Aussitôt, ce fut dans la maison un grand tumulte ; M. Préherbu avait envoyé un de ses clercs à la recherche d’un médecin ; un autre courait faire la déposition au commissariat de police.


Je m’étais enfuie au jardin ; j’étais sans pensée et presque sans souffle, en proie à une émotion qui me faisait claquer des dents, qui me mettait une sueur froide dans le dos. Je ne pleurais point : la mort de mon grand-père ne me causait pas, à proprement parler, de chagrin car je n’avais pour lui aucune affection véritable, je le connaissais si peu ! Mais c’est l’attitude de ma tante Josine, qui, en dépassant tout ce que j’aurais jamais pu imaginer, révolutionnait mes nerfs et mes sentiments. Qu’avait été, au juste, son rôle dans cette tragédie ? Appréciant cette femme à sa valeur, sachant l’étendue de son adoration pour M. Veydt, le culte dont elle entourait la personne et le caractère de celui-ci, je me doutais qu’elle avait dû souhaiter ardemment de le voir mort plutôt que déshonoré… Mais jusqu’où avait été son intervention pour l’accomplissement d’une telle fin ?

Je sentais là, de la part de la vieille demoiselle, une espèce d’héroïsme surhumain, mais je ne savais pas exactement si c’était de l’admiration ou bien une répugnance horrifiée que m’inspirait une fermeté si stoïque.
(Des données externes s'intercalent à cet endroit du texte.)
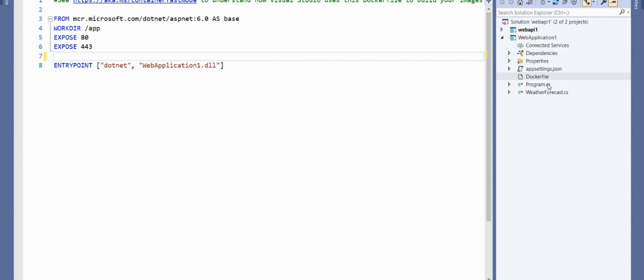That is the other thing to keep in mind. The common mistake here is about adding the Dockerfile when the solution file is not at the correct directory level. Thank you. If you like this video, please like it.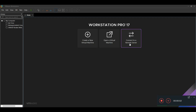Hello everyone, welcome to Fact Infra. Today I'm going to show you the setup of EVE-NG again. I'm doing this again because many viewers are having problems with the installation of EVE-NG — they found some installation errors while installing EVE-NG in VMware.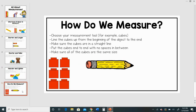Last, let's talk about how we actually measure using some tools like cubes. First we have to choose our measurement tool. For example, for this activity I chose cubes for my measurement tool. We have to make sure that we line our cubes up from the beginning of the object all the way to the end. We have to make sure the cubes are in a straight line with no spaces in between them.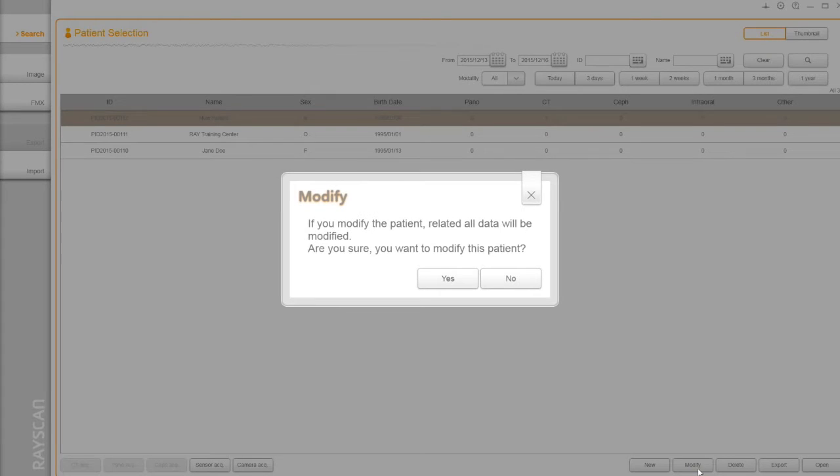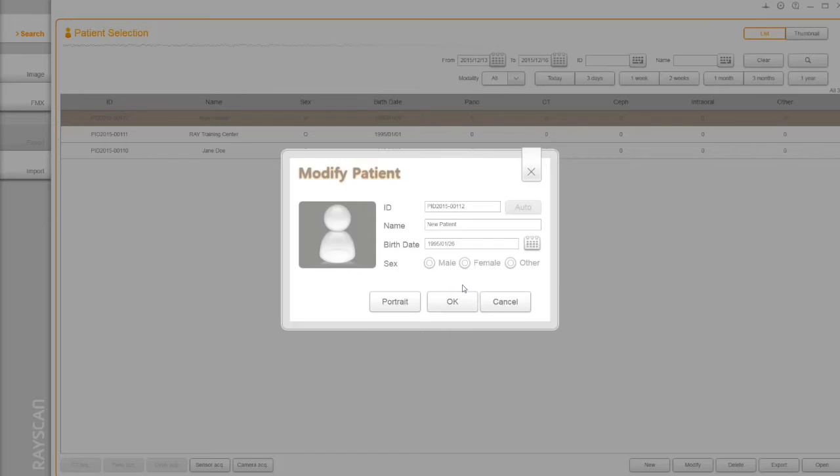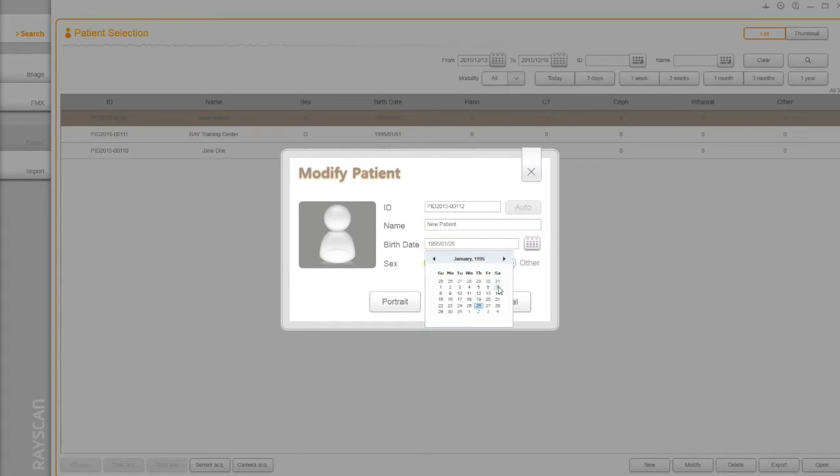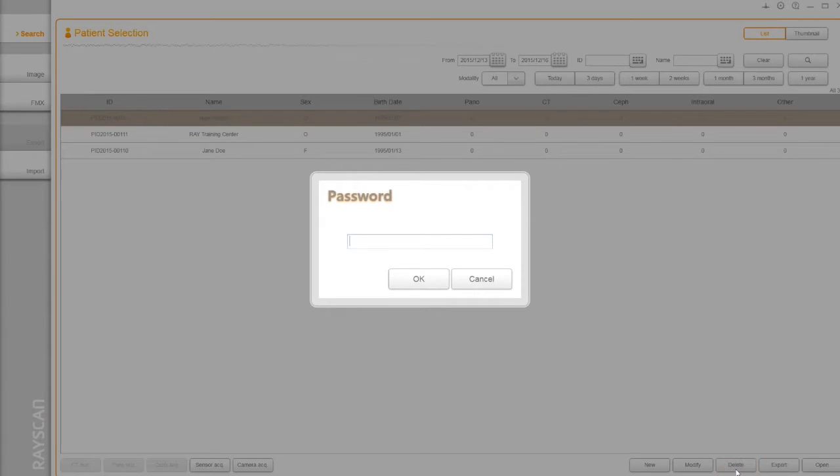Modify button allows you to change information. Note, once you register in the system, you can't change the patient ID. If you need to delete a patient, please contact your representative.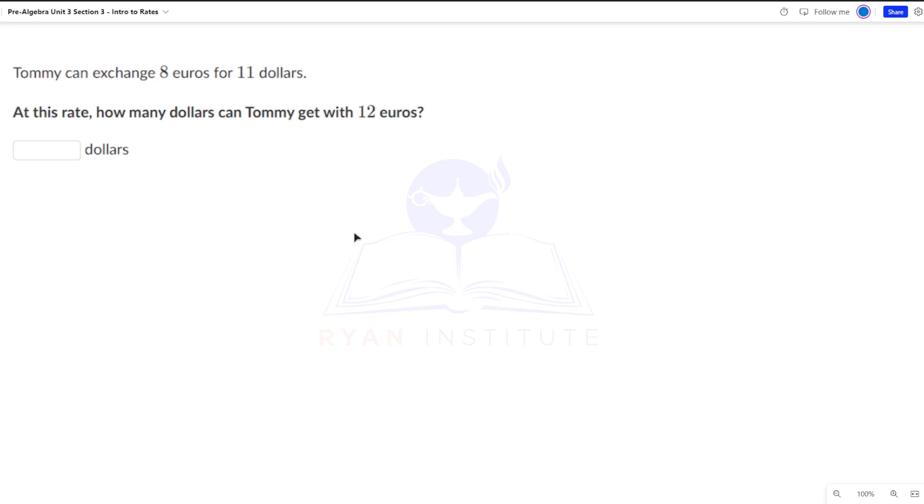Tommy can exchange 8 euros for $11. At this rate, how many dollars can Tommy get with 12 euros? Once again, pause the video and see if you can solve this on your own.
Comme l’après-midi s’avançait, elle vint vers moi ; j’étais inerte, dans un état de prostration d’où me fit sortir sa voix extraordinairement grave :

— Line, me dit-elle, votre grand-père n’est plus de ce monde ; priez pour lui.

Et, enfin attendrie, le cœur enfin touché à la place sensible, j’eus d’elle une pitié immense ; je me jetai à genoux dans le gazon, j’éclatai en sanglots et je m’écriai :

— Mon Dieu, pardonnez au pauvre pêcheur… exaucez-moi et recevez-le dans votre ciel, parmi les anges.


On me mena dans la chambre mortuaire, ce même cabinet où une bonne partie de l’existence équivoque du docteur s’était passée, où son suicide avait eu lieu et que la présence de son long corps roide, étendu sur un canapé drapé de linges blancs, faisait paraître plus étroit. Sur le revers du drap, sa main rigide tenait l’arme assassine, un revolver de fort calibre. Pour tenter un réveil de vie et d’intelligence dans ce crâne percé de six balles, on avait mis des sangsues sur les tempes du suicidé, sur la nuque, derrière les oreilles, et, pour cela, on avait coupé ses beaux cheveux ; la barbe aussi, cette barbe de prophète, pure, éblouissante comme une tombée de neige, avait disparu. On avait dû tailler à tort et à travers, d’une main brusque et hâtive, dans toute cette blancheur sacrée, car des mèches inégales s’échelonnaient vers le front, découvraient le menton, et celui qui dormait là son suprême sommeil n’avait plus rien du prestigieux vieillard pour qui le mot « vénérable » semblait avoir été inventé. C’était une fort misérable dépouille humaine, sans guère de noblesse en dépit de la grande sérénité de la Mort.

J’avais peine à reconnaître mon aïeul et je songeais que sa destinée eût été, sans doute, bien différente s’il eût été privé plus tôt ou s’il n’eût jamais été pourvu de l’artifice de ces cheveux magnifiques et de cette barbe imposante, aujourd’hui tombés sous des ciseaux profanes.

Mon implacable mémoire d’enfant venait de me rappeler un mot de Jacques Holstein affirmant que tous les avantages physiques du docteur Veydt se résumaient en l’abondance, la santé et la splendeur de son système pileux.

Et je baisai mon grand-père au front, en constatant que sa beauté même n’avait été qu’attitude, mascarade et fausse apparence.

Cependant, j’étais satisfaite que Jacques fût absent et de savoir qu’il ne verrait jamais le docteur ainsi que je venais de le voir : en aveu de sa personnalité véritable et tel, enfin, que la nature l’avait fait.